A new analysis of European air temperature data from January through December 2016 confirms that 2016 is on track to be the region’s fourth warmest year on record. This follows two consecutive years, 2014 and 2015, which each broke regional records for high average air temperatures.
Based on initial estimates, the January-December annual mean air temperature for Europe is forecast to be 11.0°C, or 0.70°C above the 1981-2010 long-term mean. This compares with the assessment of the Provisional WMO Statement on the Status of the Global Climate in 2016, which estimated that the global average air temperature for 2016 will be about 1.2°C above pre-industrial era, making it the warmest year globally since the start of modern record keeping in the mid-1800s.
Available in the current Climate Indicator Bulletin, the analysis was conducted on the basis of a dataset compiled ject by a consortium of national weather services and leading research institutes. It was coordinated by the Royal Netherlands Meteorological Institute (KNMI) and is an output of the WMO Regional Climate Center - Network for Europe (WMO Regional Association VI). Many high-resolution graphics are available on the website.
Most of Europe was warmer than the long-term average in 2016 using 1981-2010 as a baseline. The strongest warming occurred in the eastern part of Europe, with air temperatures reaching up to 2.5°C above the long-term average value.
No new maximum daily air temperature records were set in 2016, in contrast to 2015. But there were a number of new highs for daily minimum air temperatures, which normally occur overnight. Especially in the month of June, these nighttime air temperatures were at an all-time high. Over the past 40 years, the trend of a rising number of warm nights has been much more pronounced than the trend in the number of warm day-times (when maximum air temperatures are normally seen) over western Europe, whereas the reverse is the case for the Balkan Peninsula.
Regarding annual precipitation, the Balkan peninsula, Portugal, northeastern Italy and parts of eastern Europe were wetter than usual. Northwestern Europe was drier than usual in 2016, with drought continuing in the eastern Mediterranean.
The year’s most significant extreme event occurred from 26 May to 4 June, when large amounts of rain fell over southeastern/central France, Belgium, the southern part of the Netherlands and southern Germany. This was associated with a slow-moving low pressure system centered over Germany, which drew a flow of moist air from the North Sea onto the continent. Across northeastern France the heavy rainfall followed a wet spring season, causing severe flooding in many river basins across the region.

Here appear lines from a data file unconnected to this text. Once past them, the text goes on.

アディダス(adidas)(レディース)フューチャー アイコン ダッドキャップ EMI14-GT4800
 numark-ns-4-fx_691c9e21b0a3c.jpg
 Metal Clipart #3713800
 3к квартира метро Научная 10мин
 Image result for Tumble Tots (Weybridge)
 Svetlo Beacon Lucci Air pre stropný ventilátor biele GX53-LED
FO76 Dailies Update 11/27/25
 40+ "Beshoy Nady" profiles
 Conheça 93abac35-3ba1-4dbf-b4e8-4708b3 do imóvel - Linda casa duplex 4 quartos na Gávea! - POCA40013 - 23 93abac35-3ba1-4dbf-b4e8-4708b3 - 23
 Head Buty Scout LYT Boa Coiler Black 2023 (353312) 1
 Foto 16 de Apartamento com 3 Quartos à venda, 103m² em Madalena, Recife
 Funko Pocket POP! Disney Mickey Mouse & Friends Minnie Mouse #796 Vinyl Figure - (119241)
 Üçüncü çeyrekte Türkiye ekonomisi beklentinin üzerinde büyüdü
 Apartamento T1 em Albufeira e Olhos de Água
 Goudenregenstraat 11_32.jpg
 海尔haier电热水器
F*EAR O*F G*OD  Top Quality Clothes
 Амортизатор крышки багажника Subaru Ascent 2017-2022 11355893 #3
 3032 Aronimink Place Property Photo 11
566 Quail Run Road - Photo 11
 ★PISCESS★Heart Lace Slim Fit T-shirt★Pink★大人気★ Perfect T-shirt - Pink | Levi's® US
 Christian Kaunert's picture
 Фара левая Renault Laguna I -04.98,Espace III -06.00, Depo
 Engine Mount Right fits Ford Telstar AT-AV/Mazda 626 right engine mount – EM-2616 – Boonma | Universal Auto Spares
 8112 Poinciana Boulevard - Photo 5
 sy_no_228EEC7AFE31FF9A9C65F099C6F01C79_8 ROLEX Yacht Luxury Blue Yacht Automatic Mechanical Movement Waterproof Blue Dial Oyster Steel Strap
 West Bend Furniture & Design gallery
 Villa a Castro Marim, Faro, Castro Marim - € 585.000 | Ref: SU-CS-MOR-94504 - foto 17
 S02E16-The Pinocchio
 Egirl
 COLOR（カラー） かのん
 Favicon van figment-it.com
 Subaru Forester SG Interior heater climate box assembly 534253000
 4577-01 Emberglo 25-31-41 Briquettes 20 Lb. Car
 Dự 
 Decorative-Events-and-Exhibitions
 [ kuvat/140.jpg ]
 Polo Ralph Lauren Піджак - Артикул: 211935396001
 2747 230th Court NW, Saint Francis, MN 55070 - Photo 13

In Paris, the river Seine peaked on 3 June at a height greater than 6 m – a height not seen since 1982. Southern Germany also experienced flash flooding, particularly in parts of Baden-Württemberg and Bavaria, where the station Hohenpeißenberg saw 52.5 mm in only one hour on 29 May 2016.
WMO is establishing Regional Climate Centers (RCCs) and RCC-Networks to generate and deliver more regionally-focused, high-resolution data and products as well as training and capacity building. The European RCC-Network engages the region’s 50 National Meteorological and Hydrological Services (NMHSs) and is currently coordinated by the German National Meteorological Service (DWD). The Climate Indicator Bulletin is implemented through the RCC-Network’s “node” on climate data services, which is coordinated by the Royal Netherlands Meteorological Institute (KNMI).